E. F. Schumacher

Ernst Friedrich " Fritz" Schumacher ( born August 16, 1911 in Bonn, † September 4, 1977 in the train between Geneva and Lausanne ) was a British economist of German origin.

Life

E. F. Schumacher was born in 1911 in Germany. After graduation, he studied economics, first in Bonn, Berlin and then at the London School of Economics and Political Science, and as a Rhodes Scholar at Oxford. Before the Second World War, he fled back to England to escape the Nazi regime. Although he was interned as an enemy alien during the war, his extraordinary abilities were recognized, and he was able to help the British government in the economic and financial mobilization.

Little known is that it was obvious Schumacher, who had worked out the alternative proposal of John Maynard Keynes used to ultimately Bretton Woods system of Americans in the early 1940s. Thus one finds in a resume of Schumacher following passage:

"During this period [ 1940-1945 ] Schumacher socialist ideas with which he has dealt his life approached. From the unassuming agricultural activity then tore him his famous study in which he sketched the plan of a new clearing system for payments in foreign currency. Lord Keynes took over this plan immediately as an official government proposal of the United Kingdom; [ ... ] "

You could even Schumacher so called one of the fathers of the European currency unit or the euro.

After the war, Schumacher worked as an economic adviser to the British tax Commission, which was entrusted with the rebuilding of the German economy. From 1950 to 1970 he was Chief Economic Advisor ( Chief Economist ) of the British Coal Board, which had 800,000 employees. With his far-sighted planning ( he said the rise of OPEC and the problems of nuclear energy ahead ), he helped the UK during his economic recovery.

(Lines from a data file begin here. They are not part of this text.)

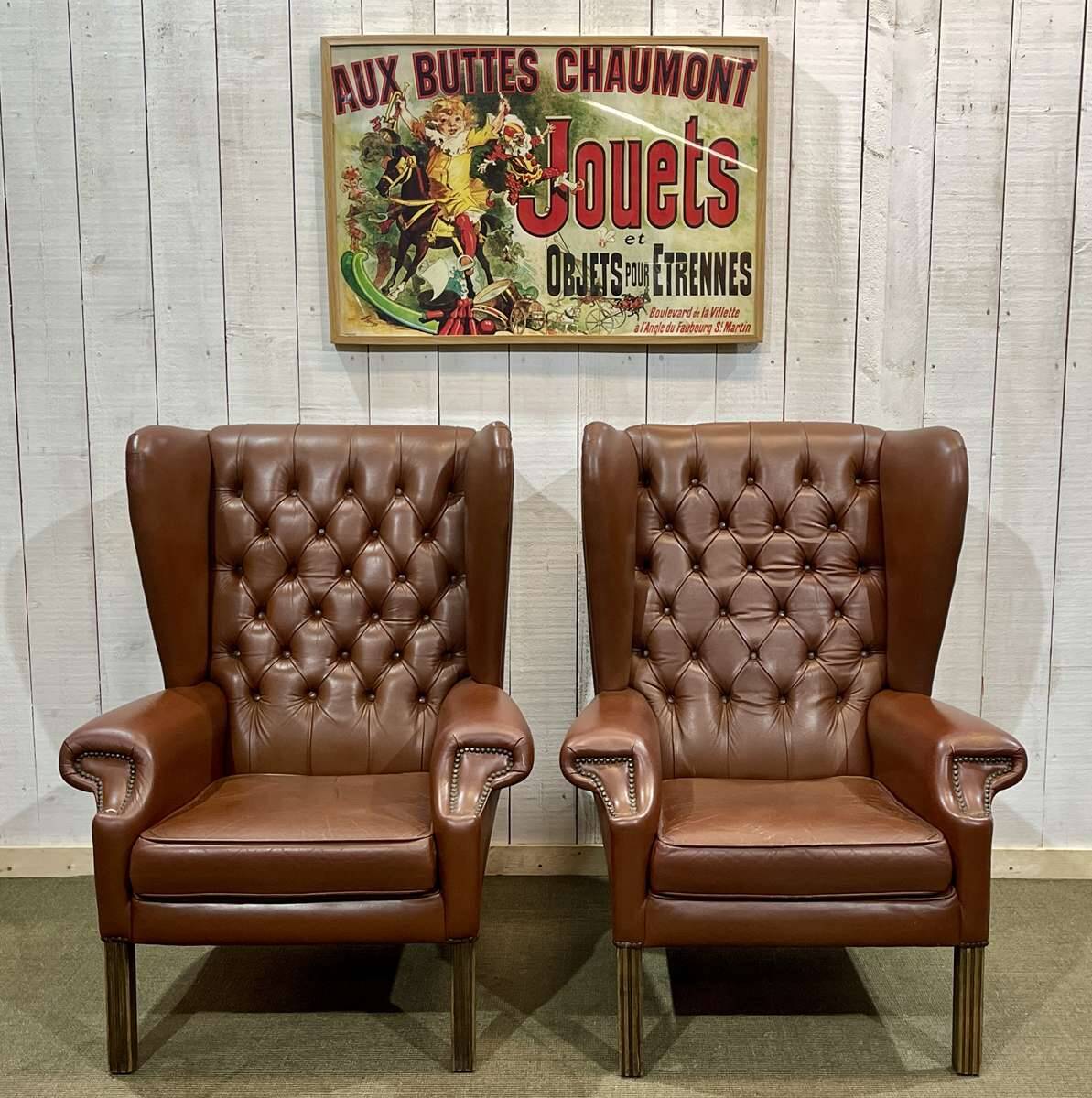 Pair of 1970s Chesterfield wingback chairs in brown leather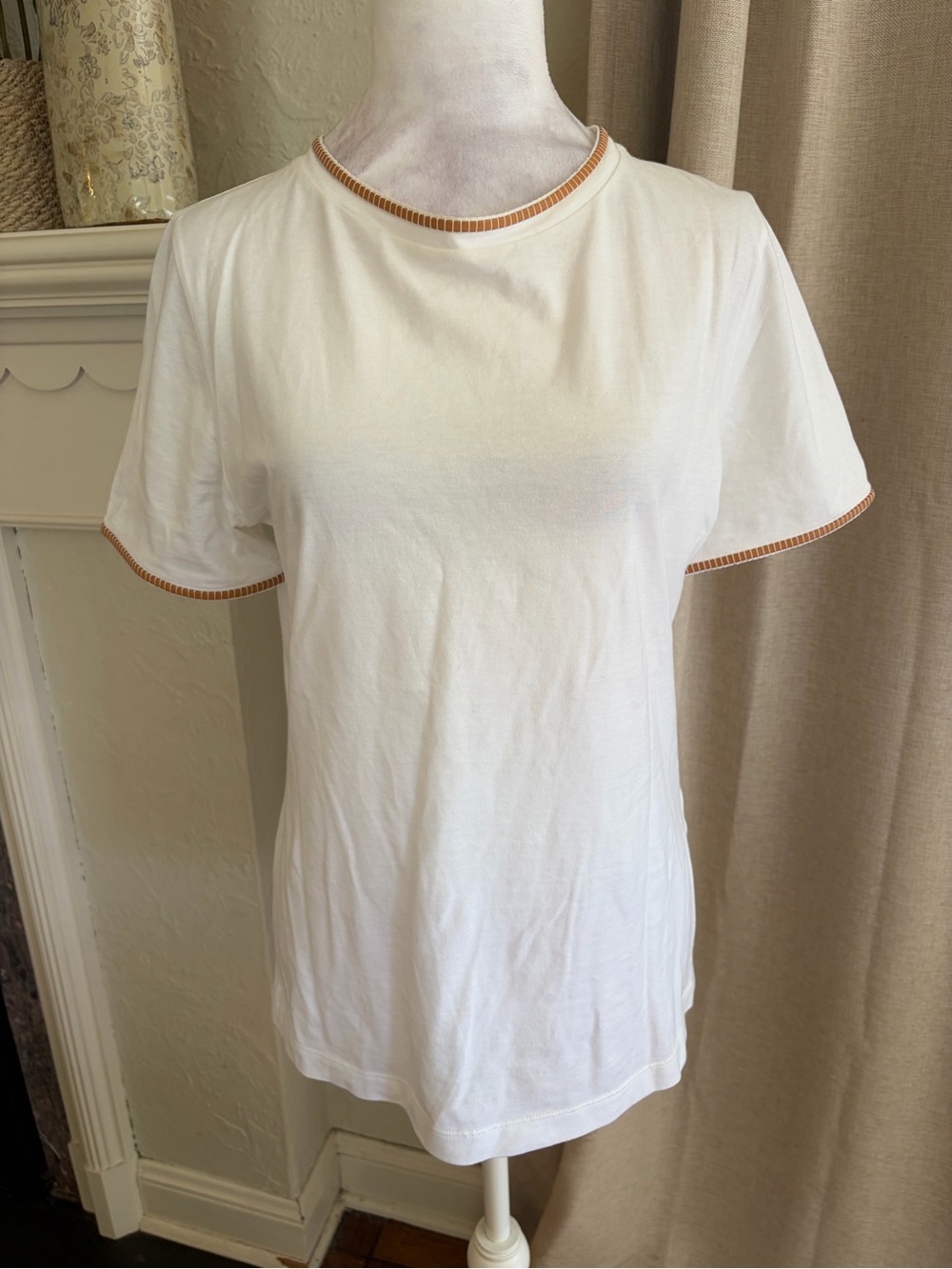 Salvatore Ferragamo Classic White Women's Tee with Contrast leather Stitching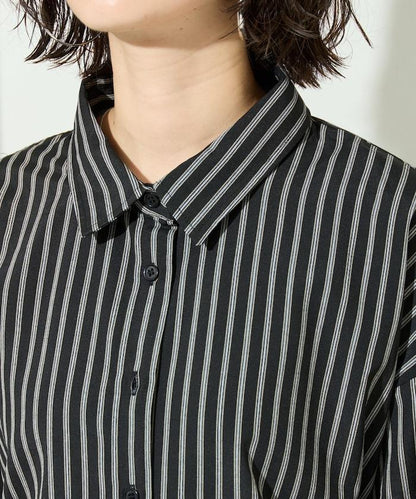 ストライプバックレースアップシャツ【限定展開】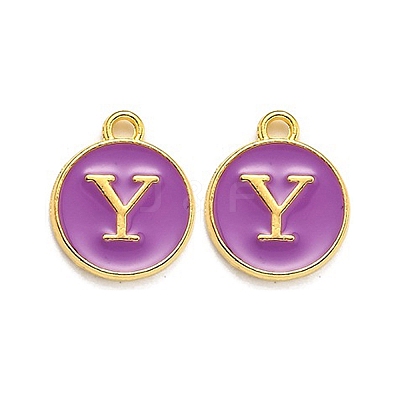 Golden Plated Alloy Enamel Charms LS-ENAM-Q437-12Y-1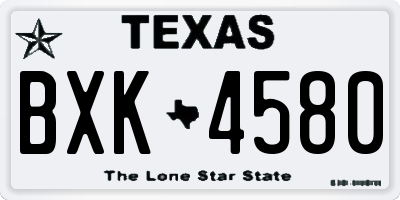 TX license plate BXK4580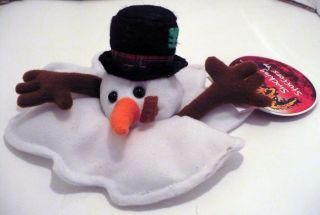 1999 Meanies Shocking Stuffers Slushy The Snowman Plush Beanie Nwt 5 " Limited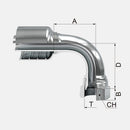 Conexion Crimpable Codo 90 Hembra JIC 37 Flare de 1 pulg. x 1 pulg. ID Manguera, Covalca, serie FJ, Acero (13971-16-16-I)
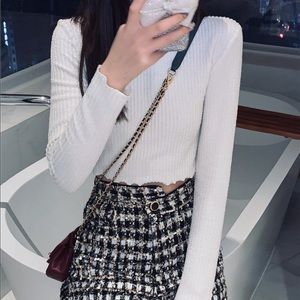 NWOT White y2k Korean Ribbed Crop Top - S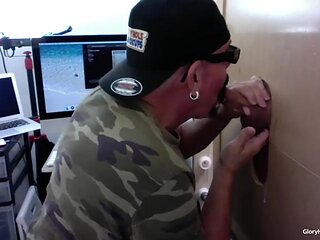 Dad Gets Gloryhole Blowjob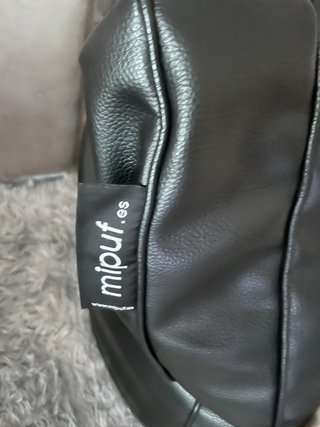 sillon puff negro polipiel mi puf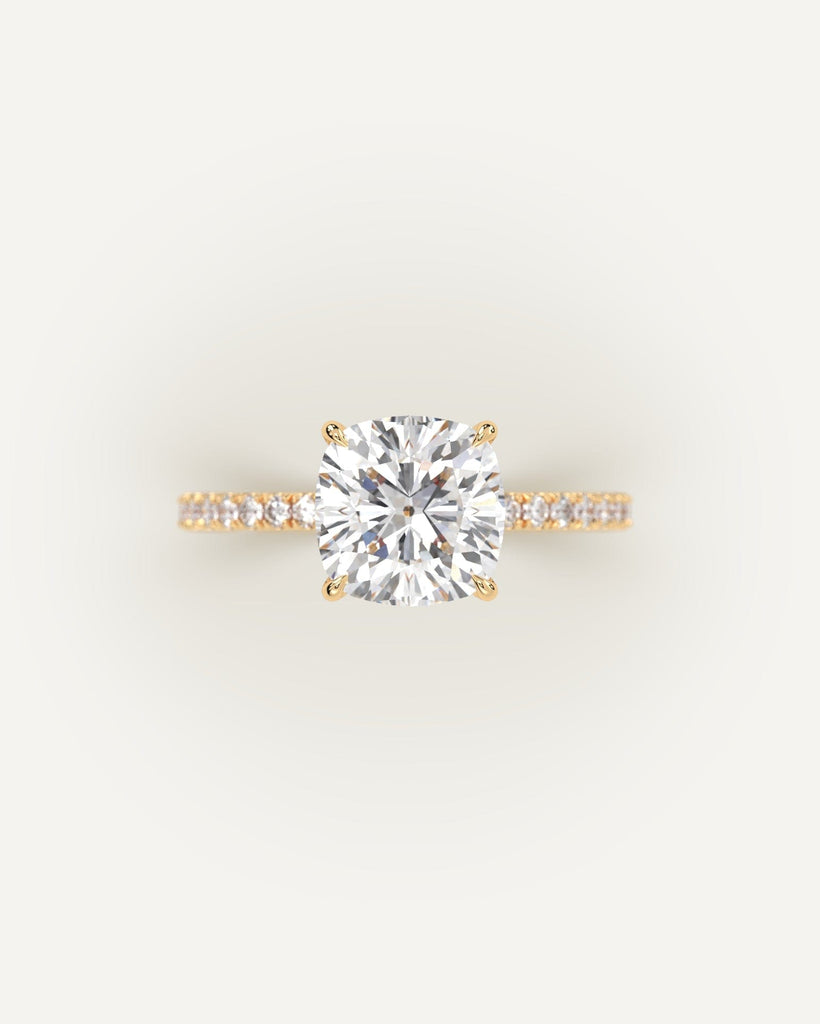 Pave Cushion Cut Engagement Ring 3 Carat Diamond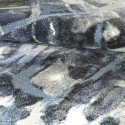 Moderne rechthoekig vloerkleed met abstract ontwerp in blauw, grijs en wit BLU017 Aanbod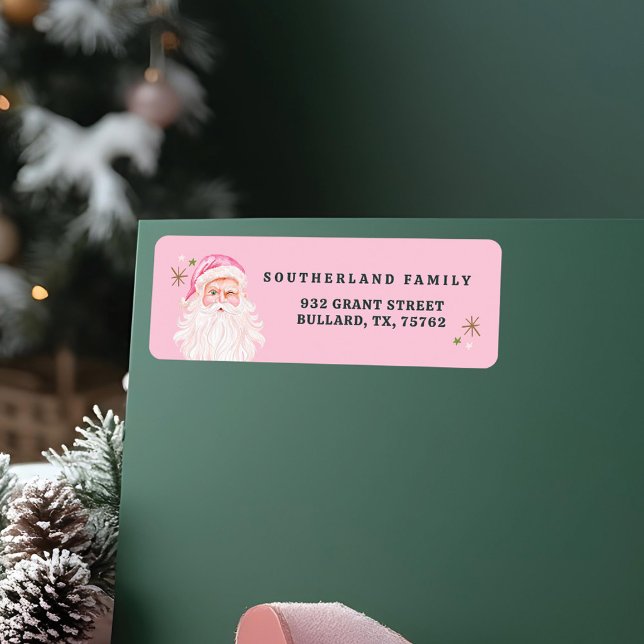 Étiquette Aquarelle Vintage rétro Merry & Rose Santa Claus (Retro Vintage Merry & Pink Watercolor Santa Claus Label)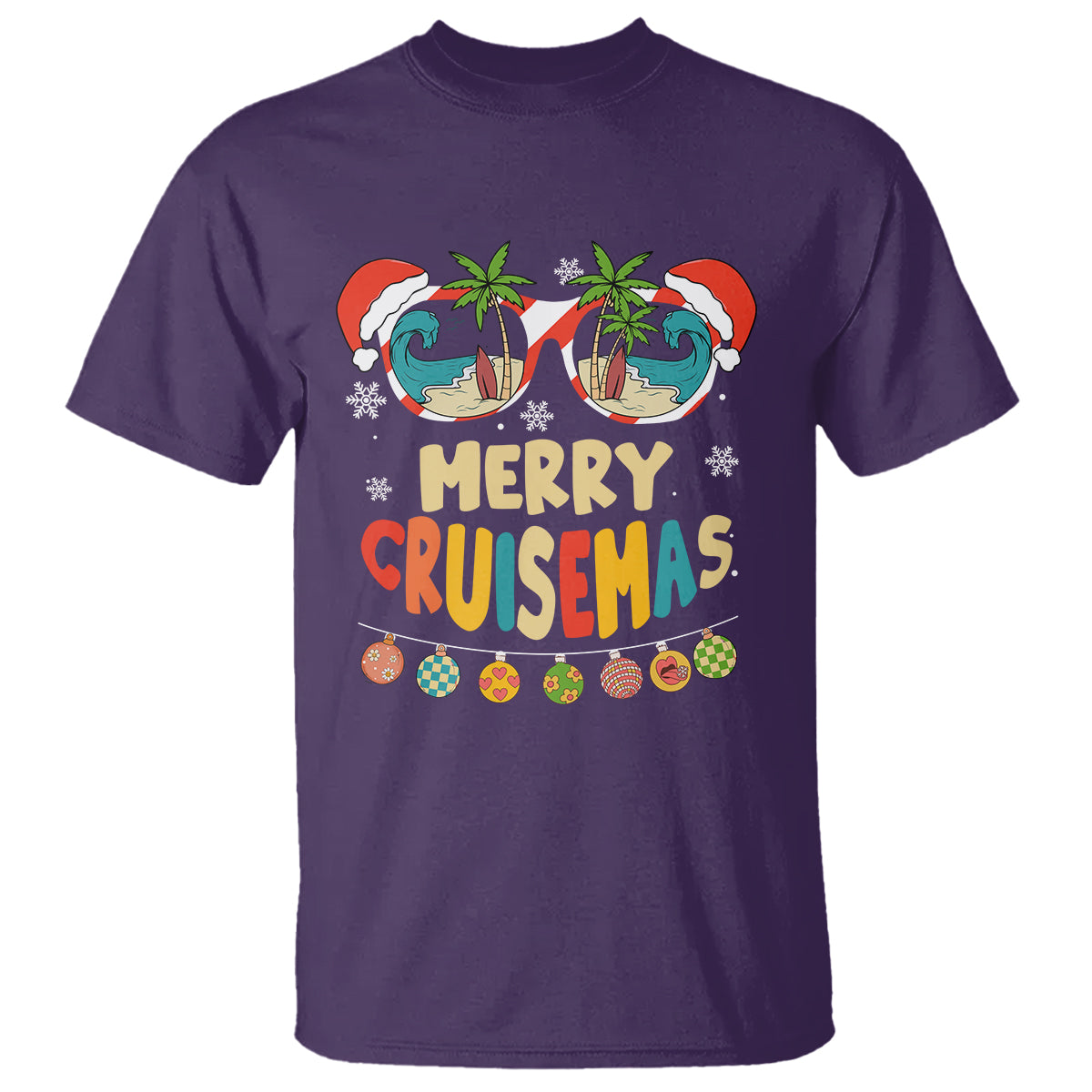 Merry Cruisemas Hawaiian Christmas Palm Tree Sunglass T Shirt TS09 Purple - Polynesian Pride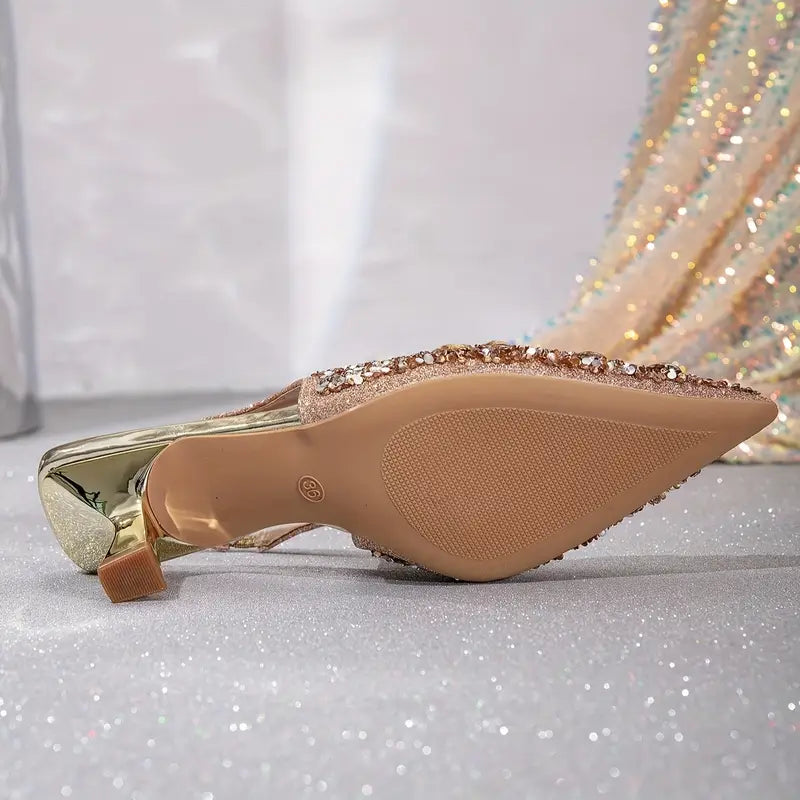🔥Letzter Tag 49% Rabatt - Dünne Absatz Bankettschuhe, Europäischer und Amerikanischer Stil Strass High Heel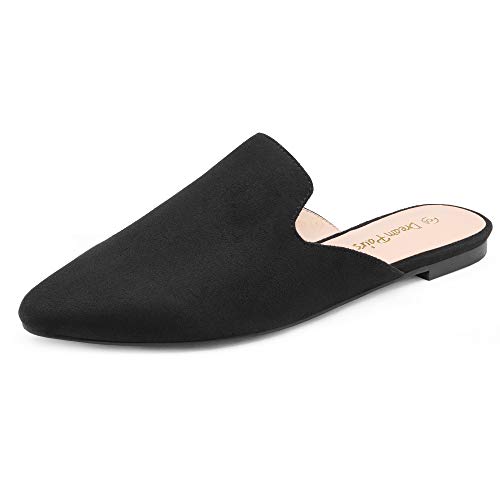 DREAM PAIRS Womens Flat Mules Pointed Toe Backless Loafer Shoes, Black/Suede - 8 (Dml211)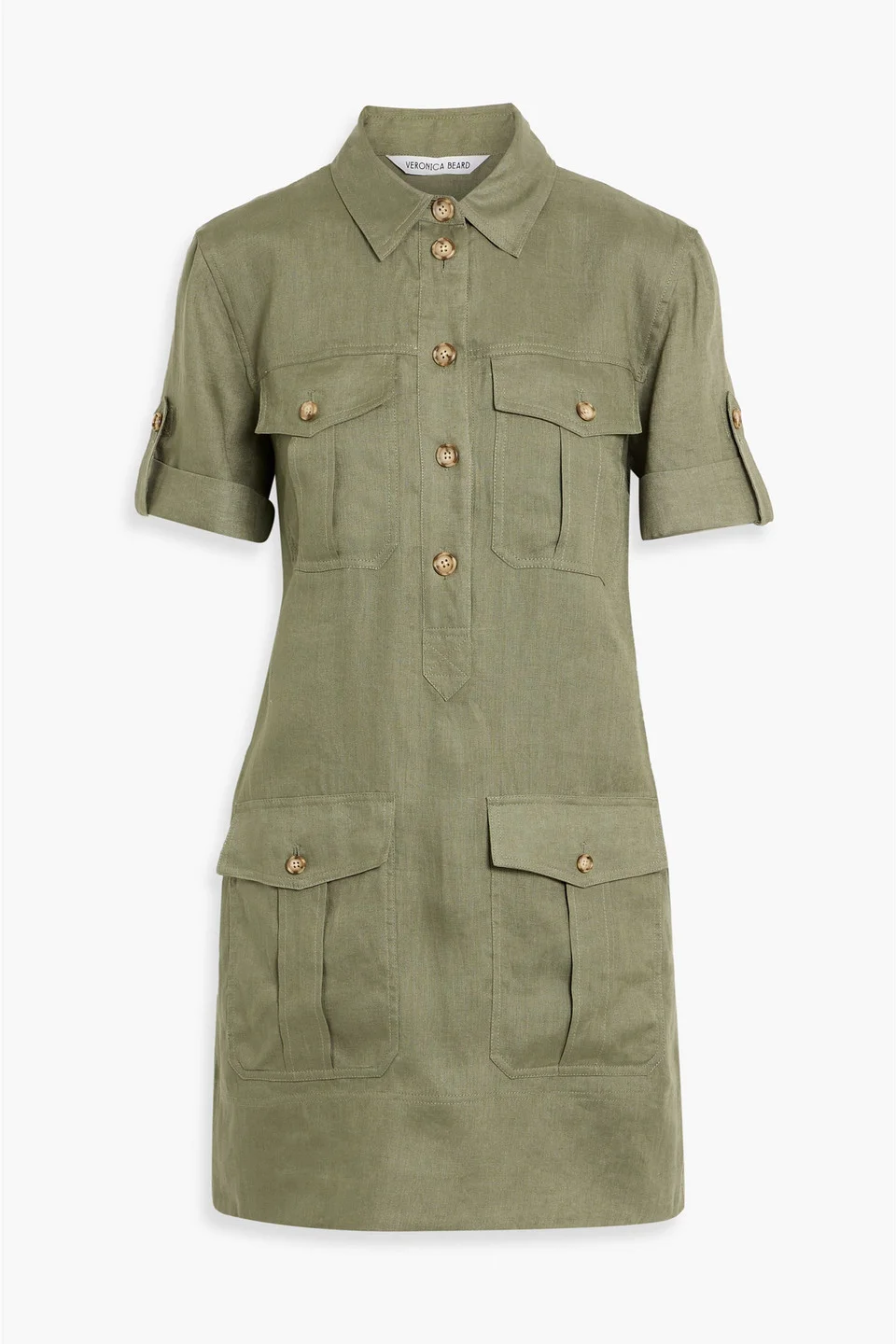 Lucca linen-twill mini shirt dress - 1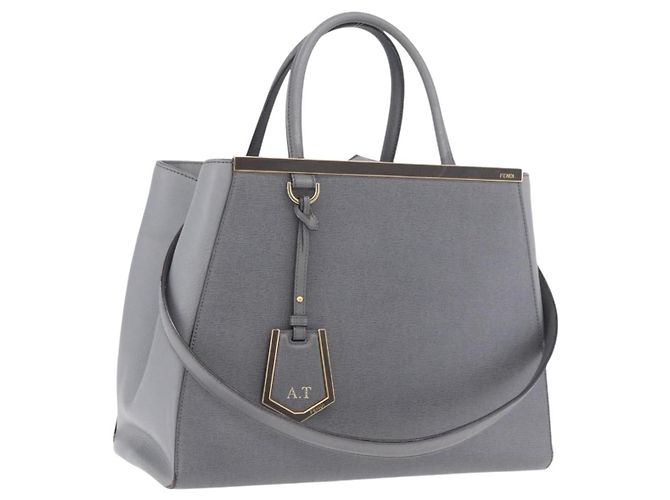 FENDI 2Jours Hand Bag Leather 2way Blue Silver Auth bs37583 - Jerrillo - vista 2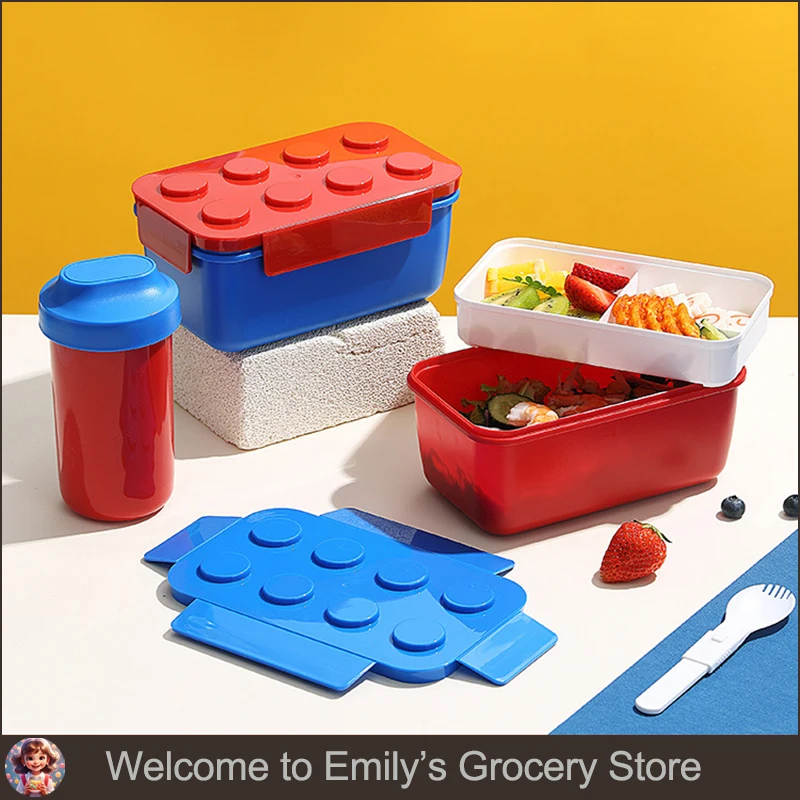 

1050/1300ml Lunch Box Portable Building Block Bento Box Fruit Salad Tableware Food Container Children Student Picnic Kit Kitchen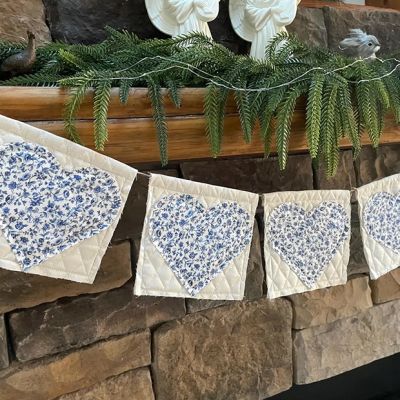 Blue Floral Valentine Heart Garland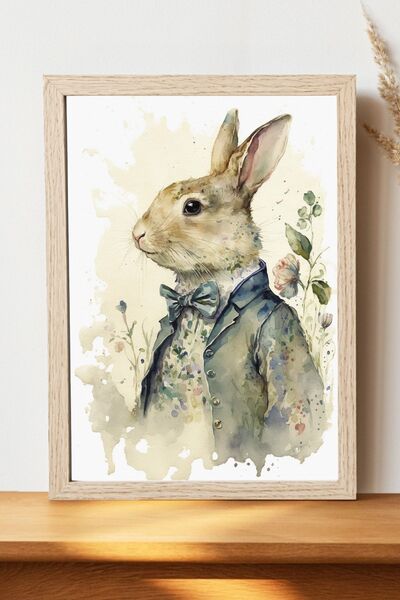 Luna Marissa Καλλιτεχνική αφίσα κουνελιού - Ψηφιακή αφίσα τέχνης από χοντρό χ...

1955 Schumacher traveled to Burma as an economic consultant. There he developed the basic rules of what he called " Buddhist Economics", based on the belief that good work for proper human development is essential and that " production from local resources for local needs is the most rational way of economic activity. "

In 1971 he converted to the Catholic faith. Once about his relationship with the Catholic Church, he said: It was a longstanding illicit relationship.

1973 Schumacher completed his book Small is beautiful in the house of his friend Leopold Kohr in Aberystwyth; the book was a bestseller. 1977 Schumacher of U.S. President Jimmy Carter was invited to the White House to present his book.

He died on September 4, 1977 of a heart attack during a lecture tour in a train.